Primary LanguagePythonMIT LicenseMIT

simple-amt

simple-amt is a microframework for working with Amazon's Mechanical Turk (AMT). It was designed with the following three principles in mind:

  • Abstract away the details of AMT to let you focus on your own task.
  • Place no restrictions on the structure of your AMT tasks.
  • Lightweight and easy to understand.

Quick start guide

Follow these steps to set up simple-amt and run a simple HIT on AMT.

Check out the codebase and set up a virtualenv

git clone https://github.com/jcjohnson/simple-amt.git
cd simple-amt
virtualenv .env
source .env/bin/activate
pip install -r requirements.txt

Configure your Amazon account

To use AMT, you'll need an Amazon AWS account. To interact with Amazon, simple-amt needs an access key and corresponding secret key for your Amazon account. You can find these here. Once you have these, place then in a file called config.json for simple-amt:

cp config.json.example config.json
# edit config.json; fill out the "aws_access_key" and "aws_secret_key" fields.

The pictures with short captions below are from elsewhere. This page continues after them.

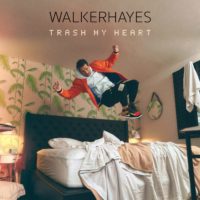 walker-hayes-trash-my-heart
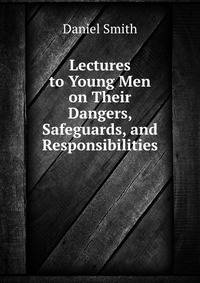 Lectures to Young Men on Their Dangers, Safeguards, and Responsibilities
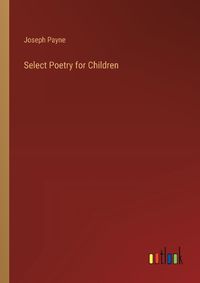 Cover image for Select Poetry for Children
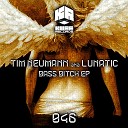 Tim Neumann aka Lunatic - Bass Bitch Original Mix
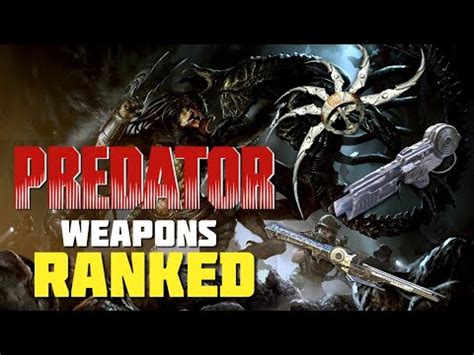 Predator Weapons RANKED! - YouTube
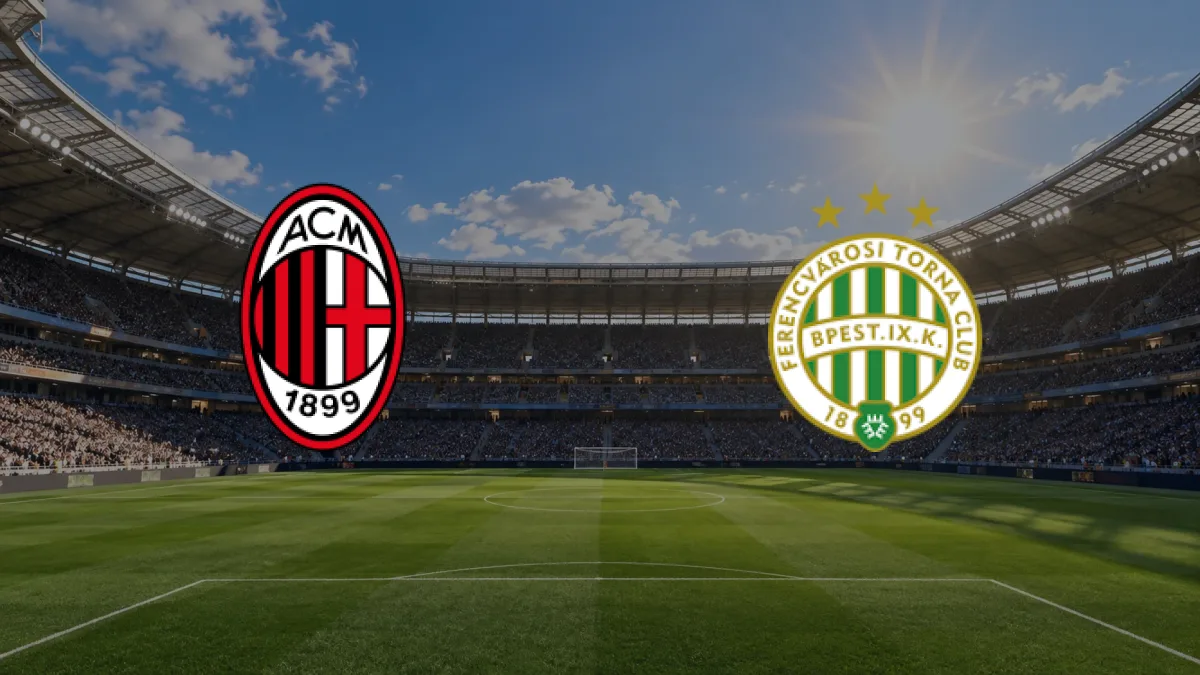 Milan - Ferencváros TC maçı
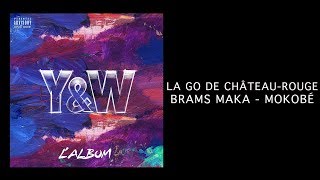 Brams Maka - Mokobé "La go de Château-Rouge" / Y&W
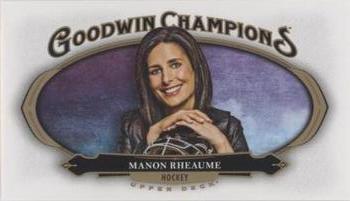 2020 Upper Deck Goodwin Champions - Minis Blank Back #NNO Manon Rheaume Front
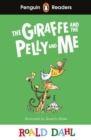 Penguin Readers Level 1: Roald Dahl The Giraffe and the Pelly and Me (ELT Graded Reader) - Book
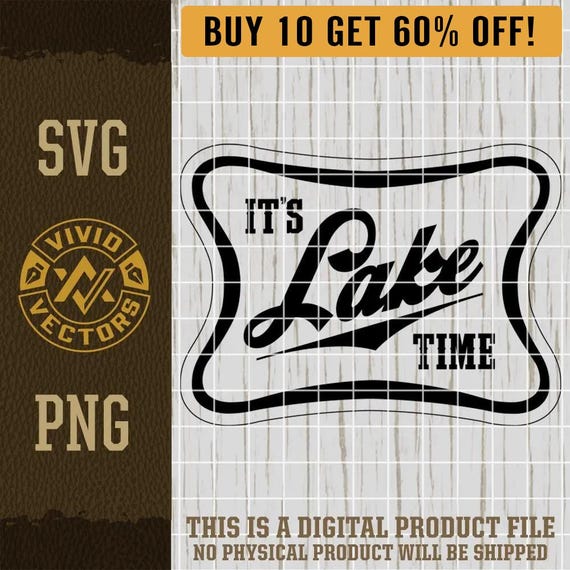 It's Lake Time SVG Lake Life SVG Nature Outdoors Boating Camping Camp Laser Engraving File Leather Hat Patch Designs Vector Logo Cut Files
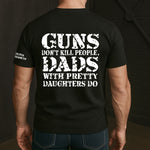 Guns-Don't-Kill-People,-Dads-With-Pretty-Daughters-Do-Personalized-Shirt-2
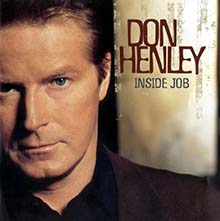 обложка сольного альбома Дона Хенли Inside Job 2000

WARNING: Your AWS keys provide full access to your AWS account, so be careful about where you store your config.json file!

Launch some HITs

We've included a sample HIT that asks workers to write sentences to describe images. To launch a couple of these HITs on the AMT sandbox, run the following:

python launch_hits.py \
  --html_template=image_sentence.html \
  --hit_properties_file=hit_properties/image_sentence.json \
  --input_json_file=examples/image_sentence/example_input.txt \
  --hit_ids_file=examples/image_sentence/hit_ids.txt

This is the most complicated command that you will need to run; let's break it down:

  • The file image_sentence.html is a simple jinja2 template that defines the UI of the HIT; you can find it in hit_templates/image_sentence.html.
  • The file hit_properties/image_sentence.json defines the properties of the HIT: title, keywords, price, etc.
  • The file examples/image_sentence/example_input.txt contains inputs for the HITs that you want to create. The input to each HIT is a JSON object, and the input file contains one such JSON object per line. One HIT is created for each line of the input file.
  • The IDs of the created HITs are written to the file examples/image_sentence/hit_ids.txt. You will use this file as input to other commands in order to operate on the batch of HITs that you just created.

Note: You may be seeing an error message scrolling repeatedly if you're setting up AMT for the first time, asking you to "Please log in to https://requestersandbox.mturk.com/ and complete registration." You have to register on that URL first and then run again.

Do your HITs

Your HITs should now be live on the Mechanical Turk sandbox. Open the sandbox and sort by "HIT creation data (newest first)". You should see a HIT with the title "Write sentences to describe images" in the first page or two of results. Complete one of the HITs.

The HIT can sometimes take several seconds to appear. You can double check that the HIT is up and available by going to the requester sandbox page and clicking manage -> manage hits individually.

Also note that you may not satisfy the qualifications of your own HIT. In this case you can edit the file hit_properties/image_sentence.json and erase the lines corresponding to hits_approved and percept_approved. Remember to bring down the HITs you've launched (see below), and then re-launch the HIT (see above).

Check HIT progress

You can check the status of your in-progress HITs by running the following command:

python show_hit_progress.py --hit_ids_file=examples/image_sentence/hit_ids.txt

Get HIT results

You can fetch the results of your completed HITs by running the following command:

python get_results.py \
  --hit_ids_file=examples/image_sentence/hit_ids.txt \
  > examples/image_sentence/results.txt

The results of all completed HITs are now stored as in the file examples/image_sentence/results.txt. Each line of the file contains a JSON blob with the results from a single assignment.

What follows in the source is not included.